Об этом мнении можно судить по тому, что в № 2 «Нового мира» глава о Пастернаке была напечатана (под № 20 между главами о Москве 1920 года и о В. Л. Дурове; в отдельном издании мемуаров Эренбург вернул ее в начало второй части, но главу о Маяковском его вынудили пропустить вперед; только в издании 1990 года в соответствии с авторским замыслом глава о Пастернаке была напечатана перед главой о Маяковском). Отметим попутно, что критические слова Эренбурга о романе «Доктор Живаго» продиктованы его личным взглядом на книгу; при всех поворотах событий он неизменно говорил о «чудесных стихах», приложенных к роману.

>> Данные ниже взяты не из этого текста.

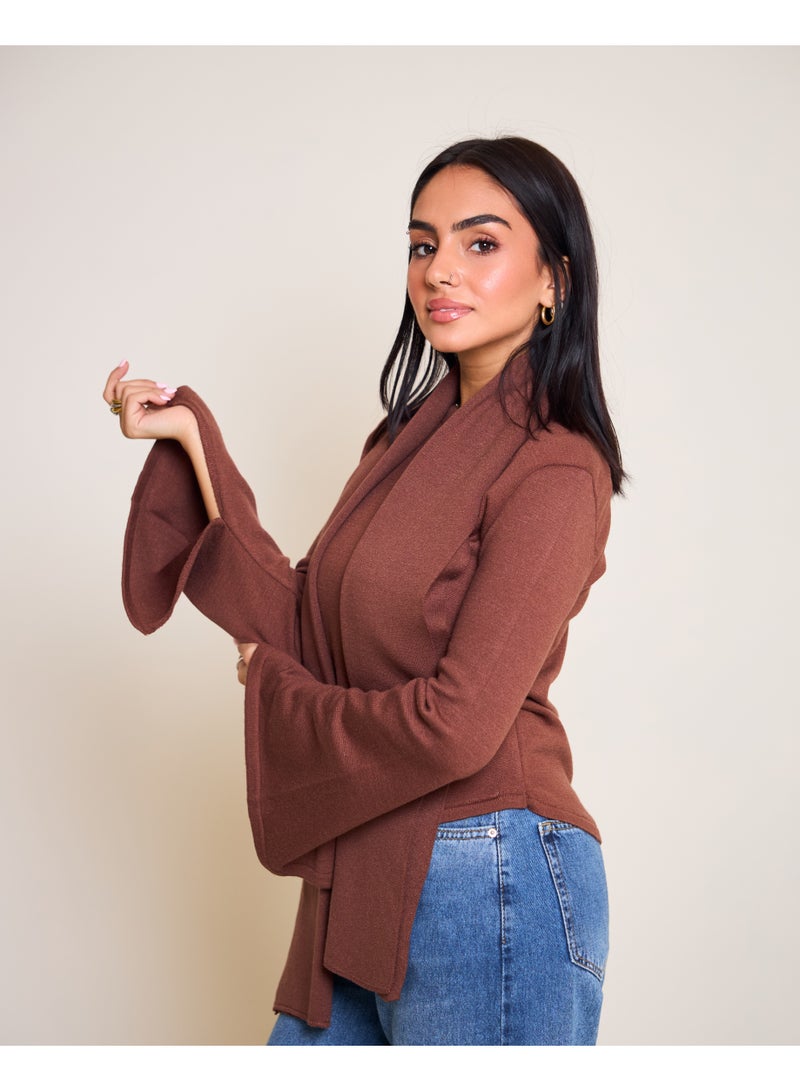Dresscode Scarved Knitted Brown Top - Image 3
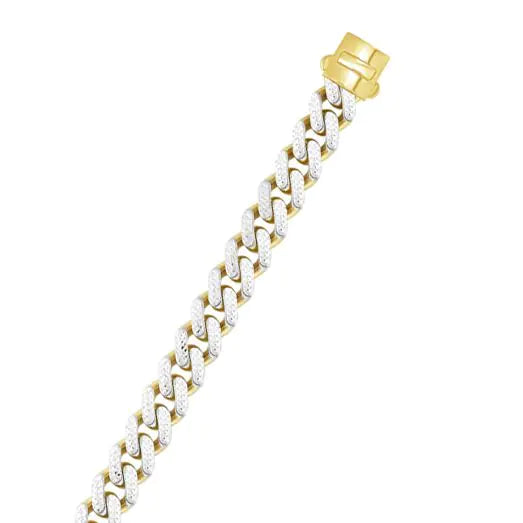 Yellow gold Cuban link bracelet with diamond accents on a white background.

Критика отреагировала на вторую книгу «Люди, годы, жизнь» не сразу. 19 мая 1961 года в газете «Литература и жизнь», которую писатели называли «Лижи», А. Дымшиц сделал заявку на принципиальный спор с Эренбургом от имени советского читателя, который «не согласится с той трактовкой ряда поэтов десятых и двадцатых годов, которая содержится в воспоминаниях И. Эренбурга, в его портретах М. Цветаевой, М. Волошина, О. Мандельштама, Б. Пастернака», с попыткой «реставрации модернистских представлений». Развернуто эта позиция была высказана

на страницах кочетовского «Октября» в статье Дымшица «Мемуары и история».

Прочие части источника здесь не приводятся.